** GIVEN RECORDS follows **
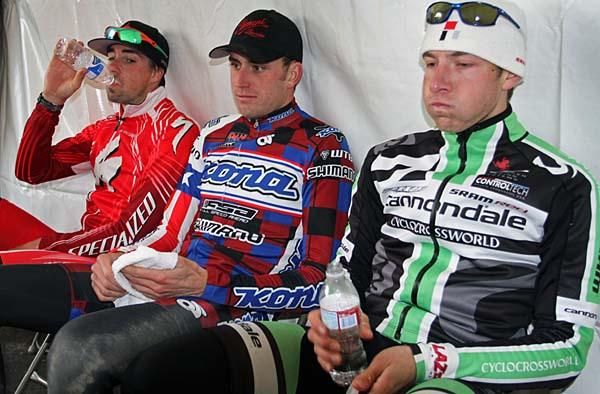 Todd Wells, Ryan Trebon and Jeremy Powers are lost in thought following race and before being called to podium.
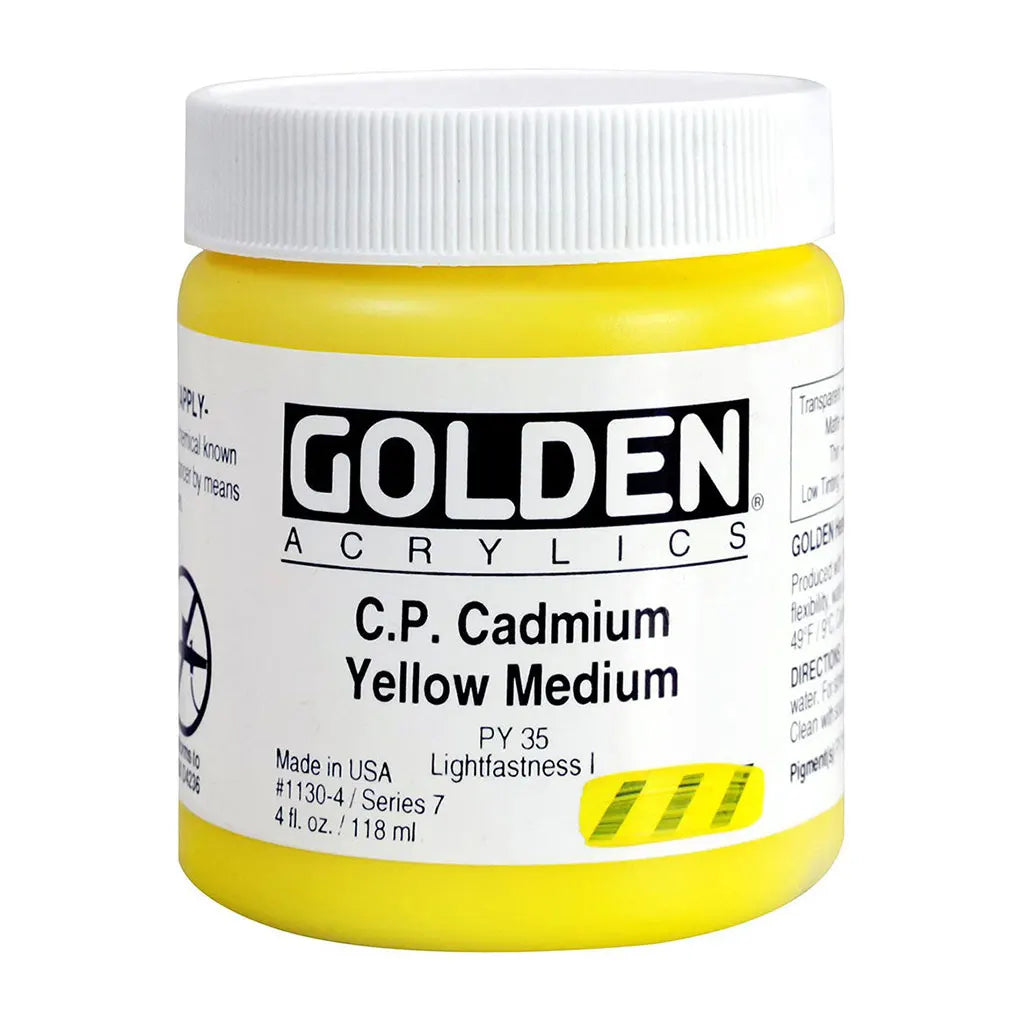 Golden Heavy Body Acrylic 4oz Cadmium Yellow Medium S7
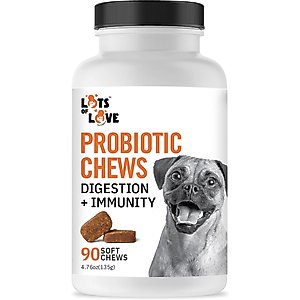 Lots of Love Pet Products Probiotics Chew Digestive Aid for Dogs, 90 count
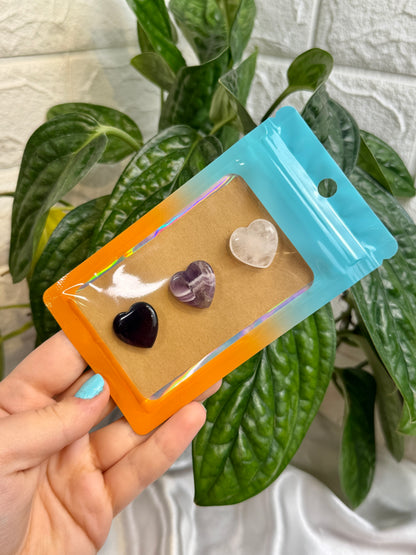 1 auramoon obsidian, chevron amethyst, and quartz heart pack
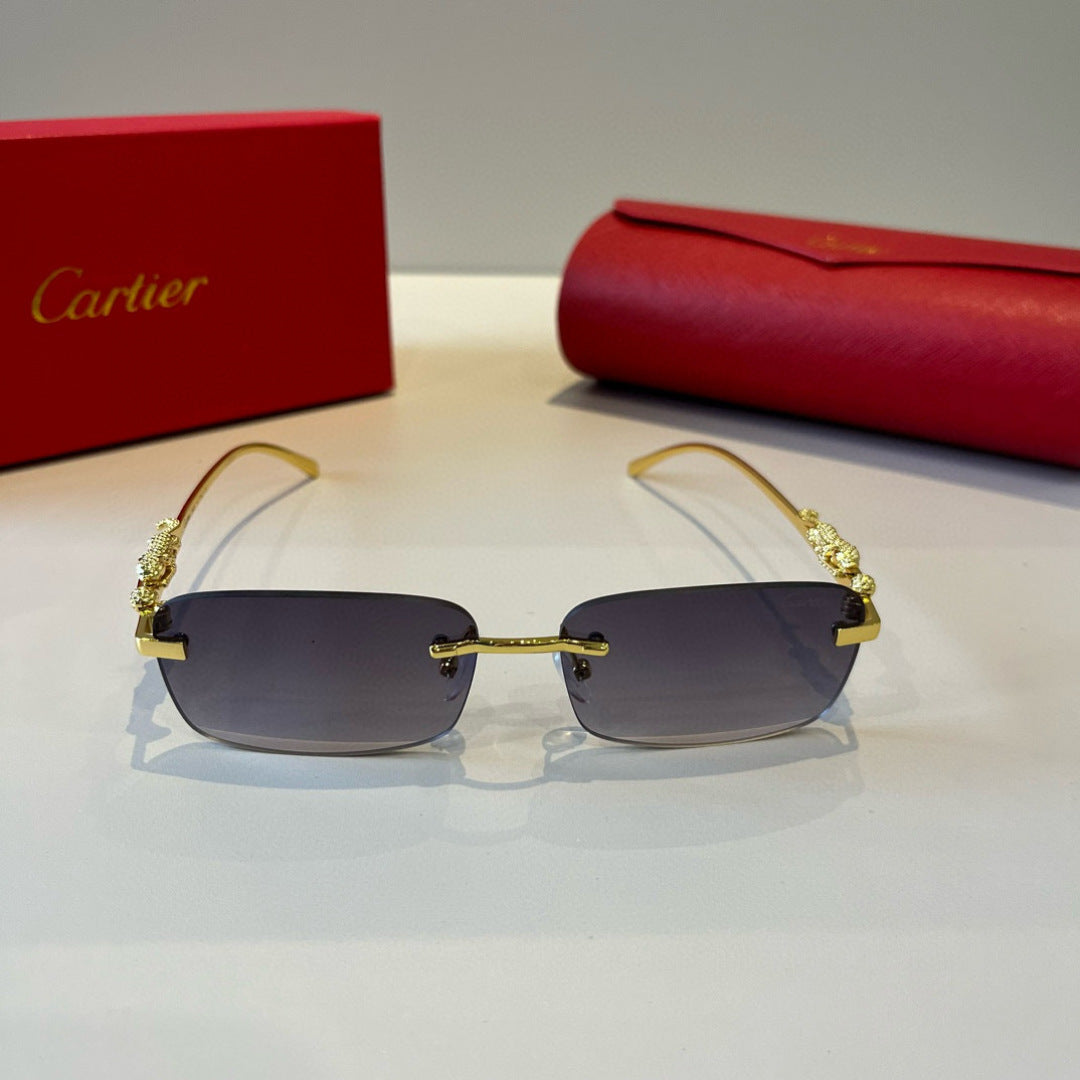 Cartier Lightweight Metal Rimless Silver Lens Sunglasses for Men & Wo - 935094 - detail image 2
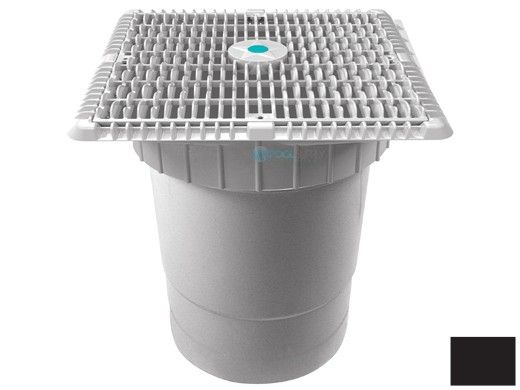 AquaStar 12"x12" Square Wave Grate  & Vented Riser Ring with Double Deep Sump Bucket with 6" Socket (VGB Series) | Black  | WAV12WR102F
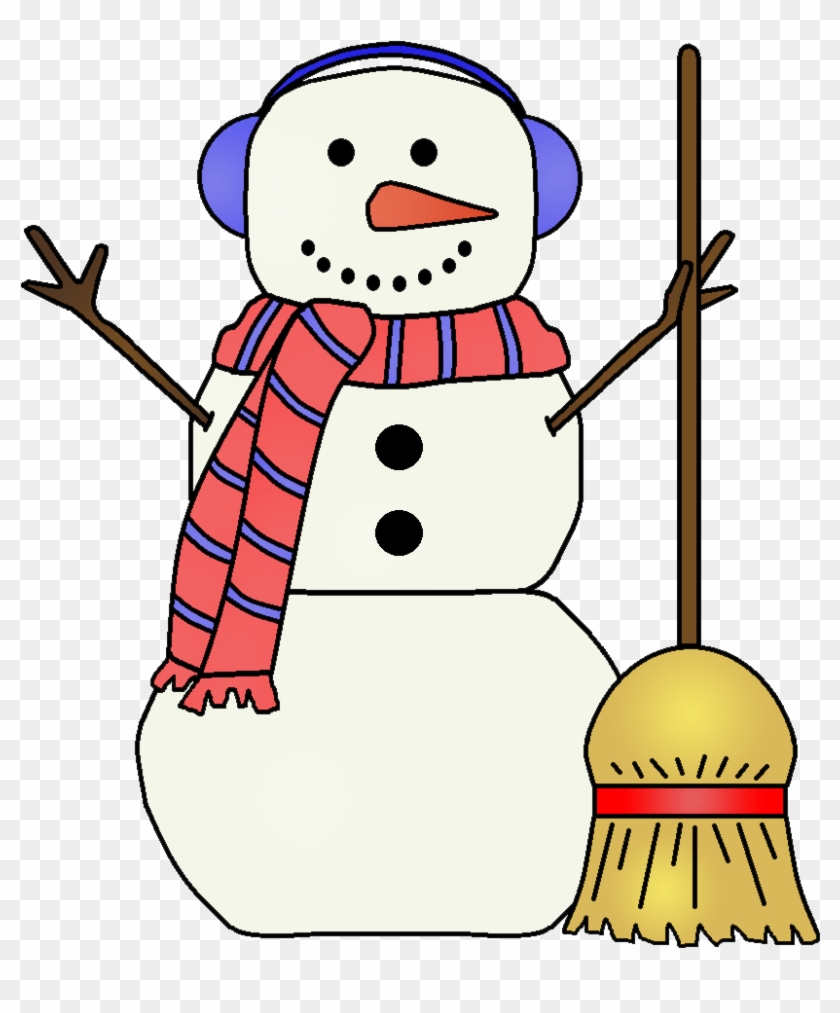 Fancy Snowman Clipart - Snowman With Broom Clipart #1018941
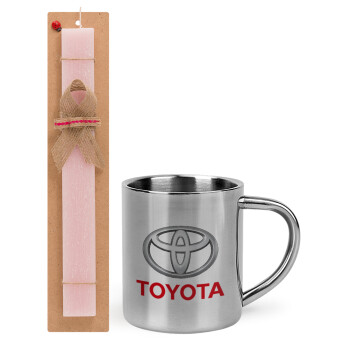 Toyota, Πασχαλινό Σετ, μεταλλική κούπα θερμό (300ml) & πασχαλινή λαμπάδα αρωματική πλακέ (30cm) (ΡΟΖ)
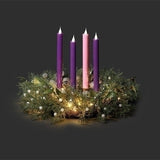 Silver Glitter Lighted Advent Wreath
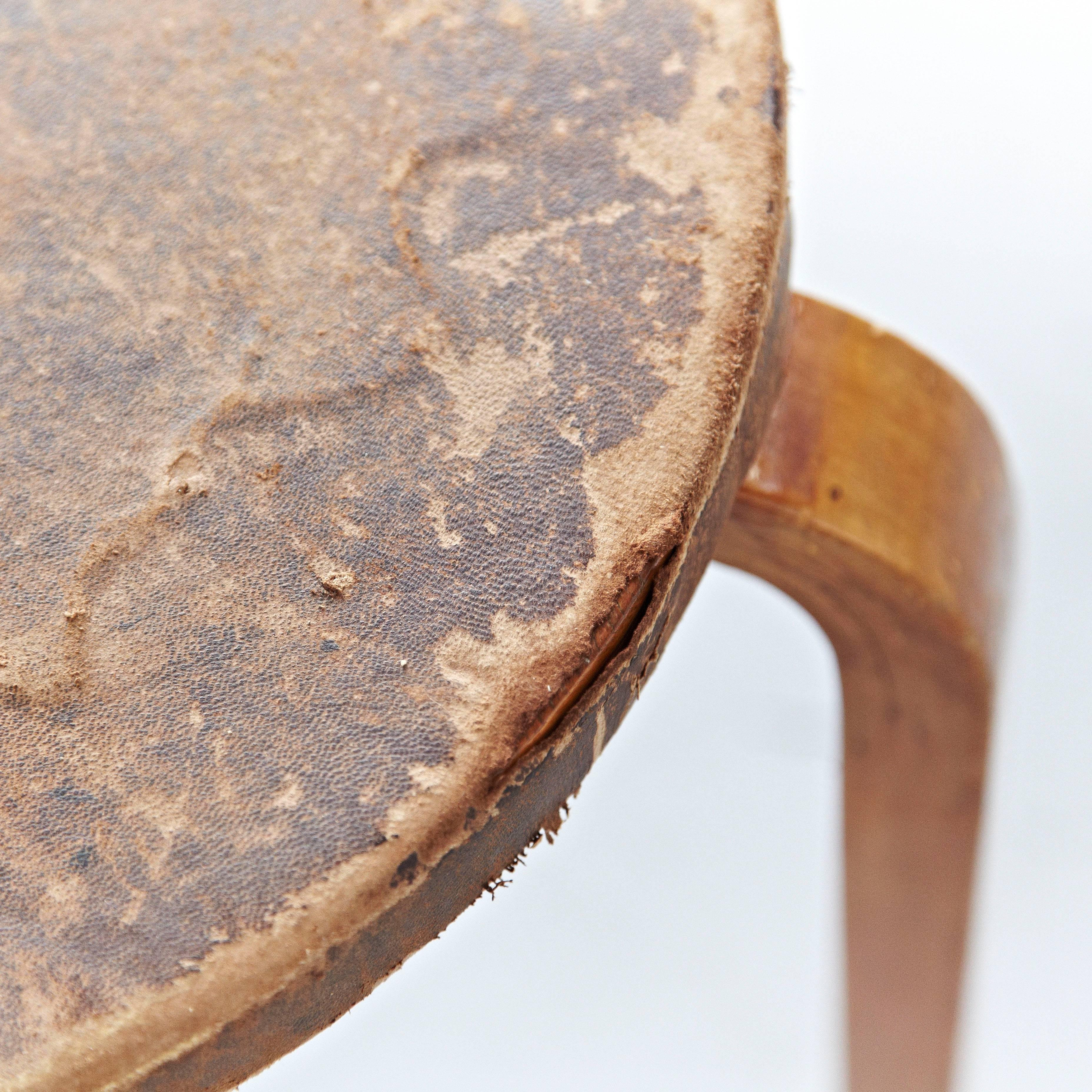 Mid-20th Century Rare Alvar Aalto Mid-Century Modern Leather and Wood Stool for Artek, circa 1960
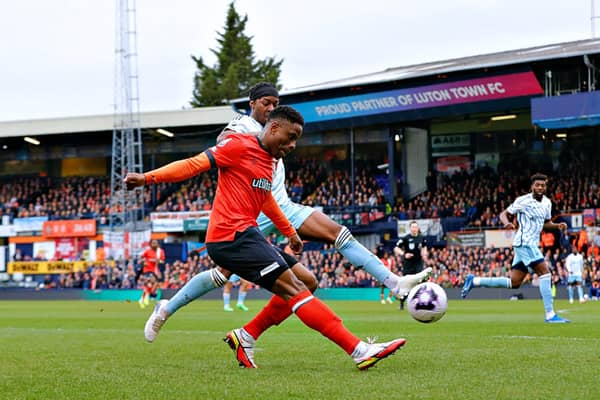 Chiedozie Ogbene isn't expected to be back for the Hatters tomorrow - pic: Liam Smith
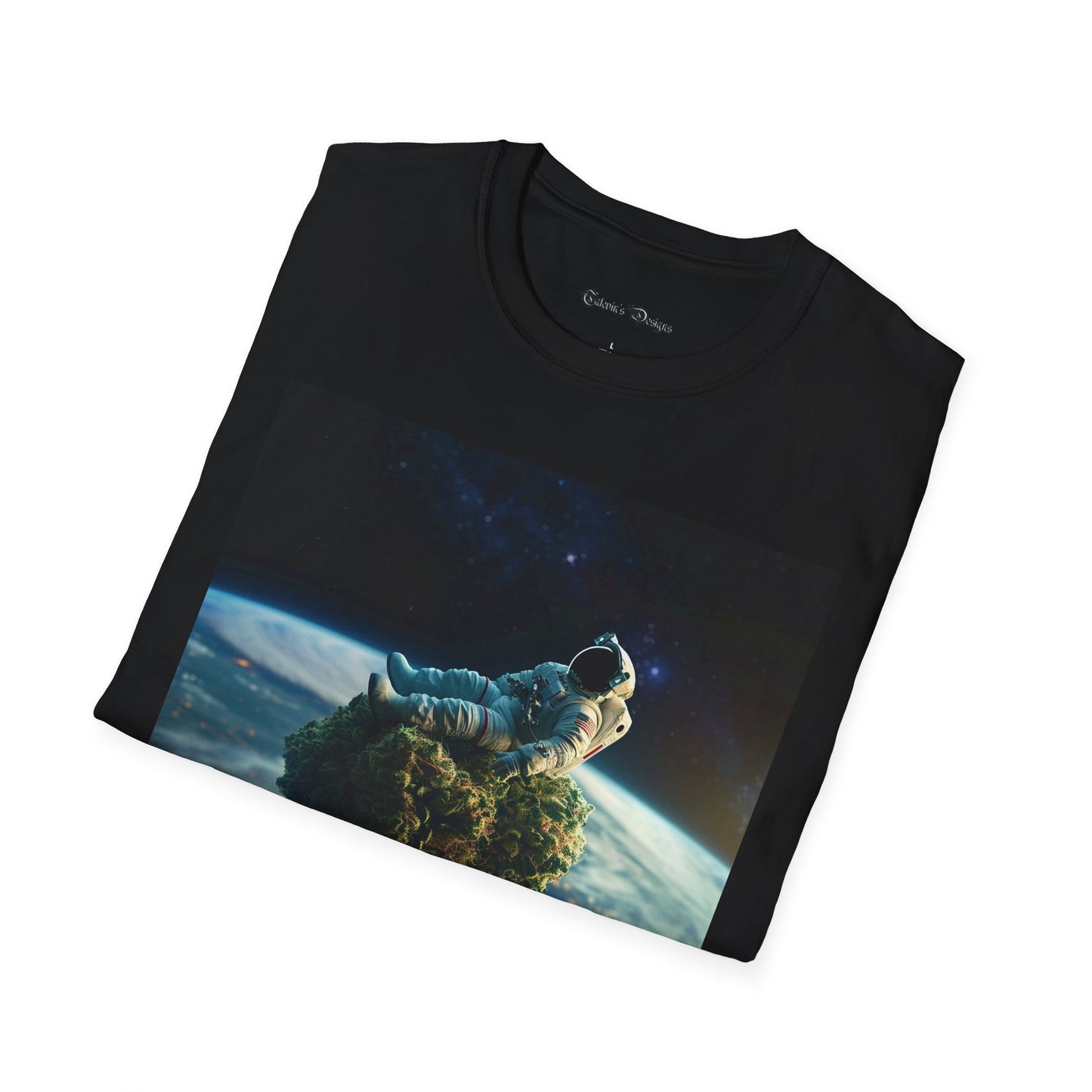 Space Explorer Astronaut on Floating Cannabis Bud T-Shirt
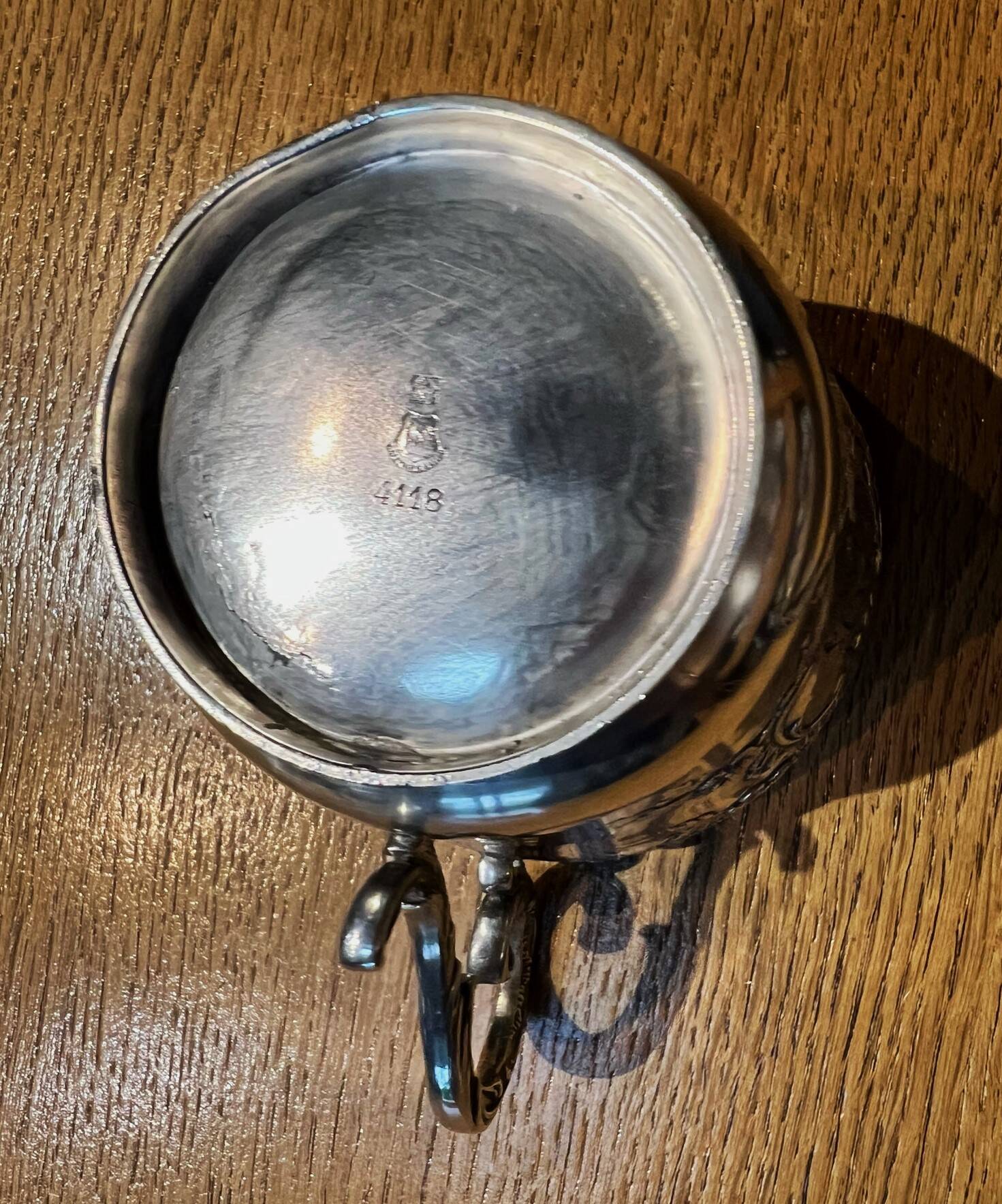 Large silver-plated metal cup Gallia with rooster and goat head hallmarks, numbered.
** End of GIVEN RECORDS **
▶ [WHAT YOU NEED TO DO] The result should be an exact copy of only the lines above from the one that holds "Lots of Love" through the one that holds "Silver Glitter Lighted Advent Wreath", both ends included, without pictures.

▶ [SOLUTION TO THE EXERCISE]
 Lots of Love Pet Products Probiotics Chew Digestive Aid for Dogs, 90 count
 1 auramoon obsidian, chevron amethyst, and quartz heart pack
 Cartier Lightweight Metal Rimless Silver Lens Sunglasses for Men & Wo - 935094 - detail image 2
 AquaStar 12"x12" Square Wave Grate  & Vented Riser Ring with Double Deep Sump Bucket with 6" Socket (VGB Series) | Black  | WAV12WR102F
 Fancy Snowman Clipart - Snowman With Broom Clipart #1018941
 Toyota, Πασχαλινό Σετ, μεταλλική κούπα θερμό (300ml) & πασχαλινή λαμπάδα αρωματική πλακέ (30cm) (ΡΟΖ)
 Silver Glitter Lighted Advent Wreath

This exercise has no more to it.